An ebay bid had be drive through to the other side of our coast and collect a Czech built Fort Veto RO.78.DB2 much to the horror of SWMBO. 
It had been used at Meadowbank velodrome for the first few years of its life then destined to turbo trainer work since then. I'm not sure of the age but it was in reasonable condition but requiring a bit of TLC, so I started by replacing the headset and bottom bracket, I fitted a front brake then some new bullhorn bars a shorter stem and some pedals. It looked good but I couldn't get on with the bullhorn bars so they are now off and I've fitted some drop bars, it feels much more comfortable for me now.

As bought





Turbo work on the headset ruined it





Bottom bracket was in need of changing





and after a bit of hard graft it started looking the part




























I currently have my Mavic SSC lever on which will be removed this week to fit some Campag Brifters I bough cheaply and I will redo the bar tape with some black Fizik


----------



## kloeshuman (18 May 2014)

All sharp looking bikes, I have sold my full carbon geared bike and I now have 2 SS bikes and one more in the rack that I'm working on.


----------



## GGJ (18 May 2014)

Thanks, I'm glad you approve

Not going to get rid of the carbon or the gears, nor the steel or aluminium just yet, I enjoy them when the sun is shining and I hit the bigger routes


----------



## GGJ (20 May 2014)

This will confuse the fixie fans in my area, brifters on a single speed...

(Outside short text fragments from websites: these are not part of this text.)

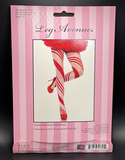 Sheer Candy Cane Holiday Striped Pantyhose Women's One Size Leg Avenue 7944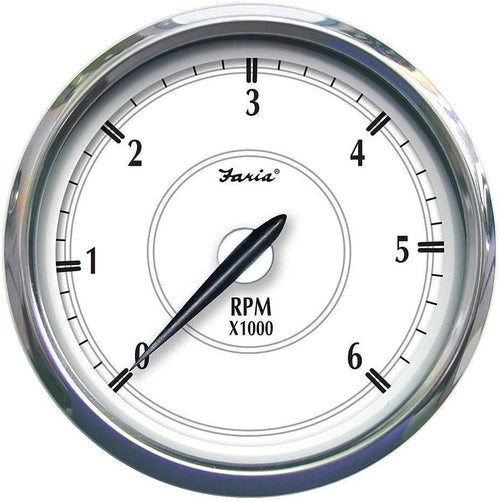 Faria Newport SS 5 Inch Tachometer F/Gas Inboard - 6000 RPM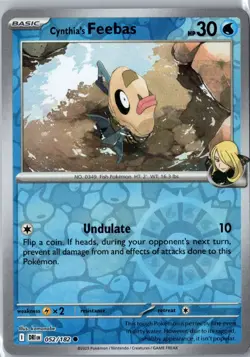 Cynthia's Feebas 52/182 2025 SV Destined Rivals Reverse Holo Common NM - Image 1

The Mavic SSC levers are worth too much money and rather a scarce item to have on this bike, plus the fact that braking from the hoods was difficult due to the positioning of the leverage so I managed to pick these up for a mere pittance They are certainly very comfortable and braking has dramatically improved from the hood position...Modern technology/ergonomics certainly seems to be working for once


----------



## Andrew1971 (20 May 2014)

That's one good looking bike you have there


----------



## GGJ (5 Aug 2014)

Just can't help myself...

I bought this frameset last night for a few pounds, I was expecting it to be in poor condition given the price the vendor was advertising it for so was pleasantly surprised when I saw it in the flesh. My initial plan was to strip my Fort track bike and built the Omnium with the parts, but I think I might have to buy some new parts and build something nice as the frame is lovely. So for now I have borrowed the chainset and wheels from the Fort to see how I get on with the Giant. I bought some bar tape and the rest of the bits came from my parts box 







Both track bikes together





My initial tootle round the garden shows the Giant to feel more road orientated compared to the Ridley, so I'll need to try it at the velodrome before deciding its future


----------



## windym (5 Aug 2014)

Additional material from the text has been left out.